Pour moi, observateur impénitent des moeurs politiques,
élu municipal minoritaire dont l’action publique a
été limitée, bon gré mal gré,
à l’analyse, la critique et la publication de chroniques
et dossiers, ce lien direct qui est fait ici entre la connaissance
et l’action est la plus belle des légitimités.
Belle surprise : je croyais lire l’apologie de l’action
concrète, je découvre l’éloge de la recherche.
Avec en prime, une invitation à la résistance sous
forme de proverbe indien : « il n’y a que les poissons
morts qui nagent avec le courant », ce qui me rappelle Gilles
Vigneault qui chantait « C’est en remontant la rivière
qu’on apprend le sens de l’eau ».
« La lutte n’est pas le résultat de l’espoir
(…) l’optimisme naît du fait de se trouver sur
la route ».
Ce petit livre sur l’Engagement dans une période obscure
est un bijou. C’est la première fois que je lis un
tel discours lumineux qui valorise autant l’engagement de
proximité, qui mise tout sur les individus reliés
(en rupture à la fois avec l’individualisme et avec
les communautés ou les classes sociales), tout en théorisant
qu’il est superflu de s’intéresser aux résultats
(en rupture avec l’idéologie de la performance gestionnaire).

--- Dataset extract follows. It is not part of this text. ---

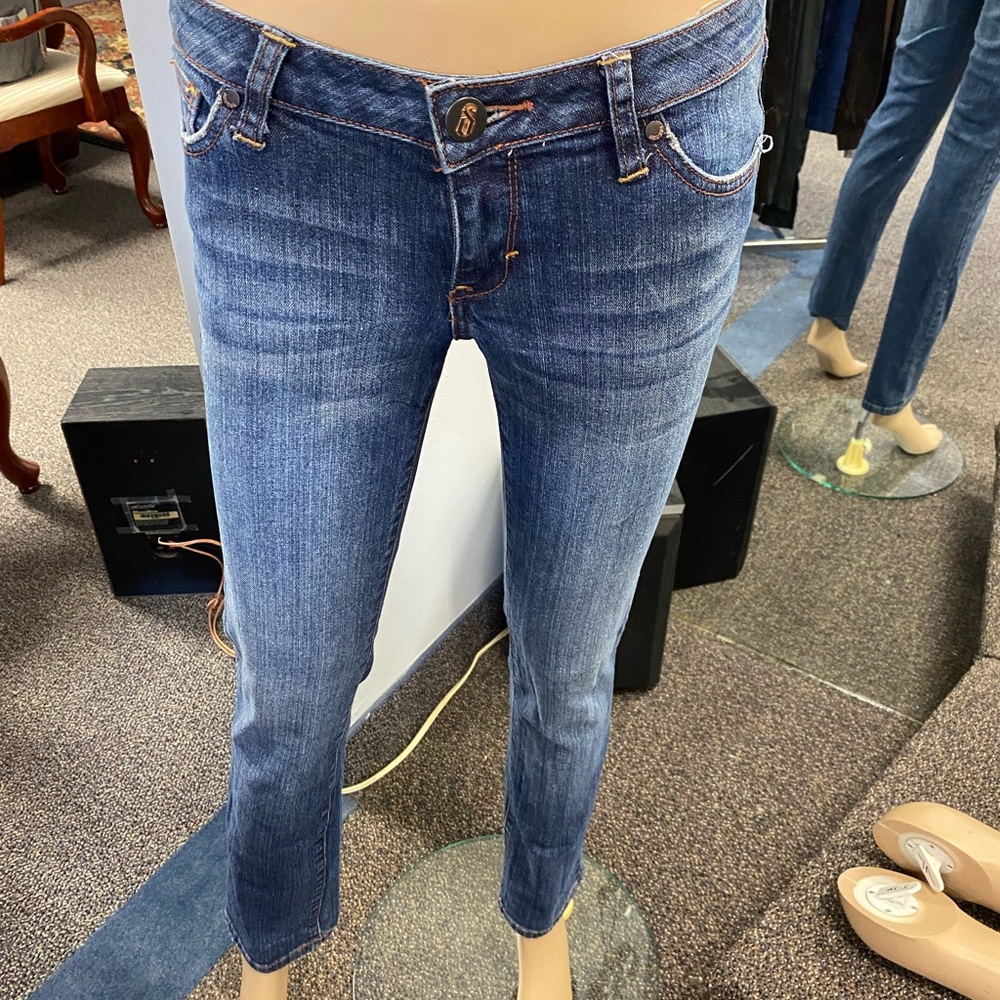 Decree Size 5 Juniors Jeans Like New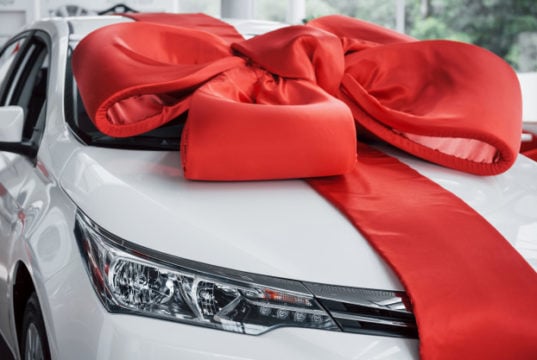 https://www.freepik.com/premium-photo/beautiful-new-white-car-awaits-its-buyer-cabin_9277117.htm#page=1&query=new%20car%20wrapped&position=34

A dire vrai, ce n’est pas tout à fait la première
fois que j’entends un tel discours … car en y réfléchissant
bien, au risque de choquer les sophistes ou les encartés
étroits de tout poil, je retrouve ici, sur le fond, la pédagogie
de l’action, cette bonne vieille B.A. (la bonne action) du
scoutisme et quelques principes bibliques de mon éducation
protestante.
Compagnon de route de Che Guevara qu’il cite en entame du
prologue (Un révolutionnaire fait la révolution),
Benasayag est adepte de Deleuze dont il reprend la notion de jurisprudence
(toute lutte qui réussit crée un nouveau possible
(…) créant une jurisprudence) et de Spinoza (Plus j’ignore
mes chaînes, plus je suis esclave). Pour compléter,
je serais curieux de relire les évangiles avec lui, en commençant
par les paraboles du bon samaritain et du semeur.
L’engagement au présent et en situation est une réponse
concrète à la déprime collective, au sentiment
d’impuissance qui nous habite si souvent et nous révolte
parfois.
« Les paroles nous divisent, les actes nous réunissent
» [Manifeste des indiens Tupamaros, Uruguay, 1960].
Fiche de lecture … et prolongements concrets
Une application concrète de la théorie de
la complexité
Les auteurs opposent deux types d’engagement : l’engagement
transcendance regarde vers la globalité ; l’engagement-recherche
part du local et aboutit au local.
Cette vision duale, aussi réductrice et caricaturale soit-elle,
est d’une grande portée pédagogique. Elle fournit
le fil conducteur de l’argumentaire en faveur d’un engagement
fondé sur les situations réelles, ancré dans
ces situations et qui a comme visée le changement ici et
maintenant.
L’hypothèse centrale de l’engagement dans une
période obscure est celle de la complexité du monde
– et c’est pourquoi Edgar Morin aurait pu être
l’auteur de ce manifeste lumineux !
Les auteurs privilégient le modèle complexe de compréhension
du monde et de l’engagement, dans lequel nul changement n’est
entièrement maîtrisable, mais se décide toujours
depuis une situation qui intègre le monde à changer.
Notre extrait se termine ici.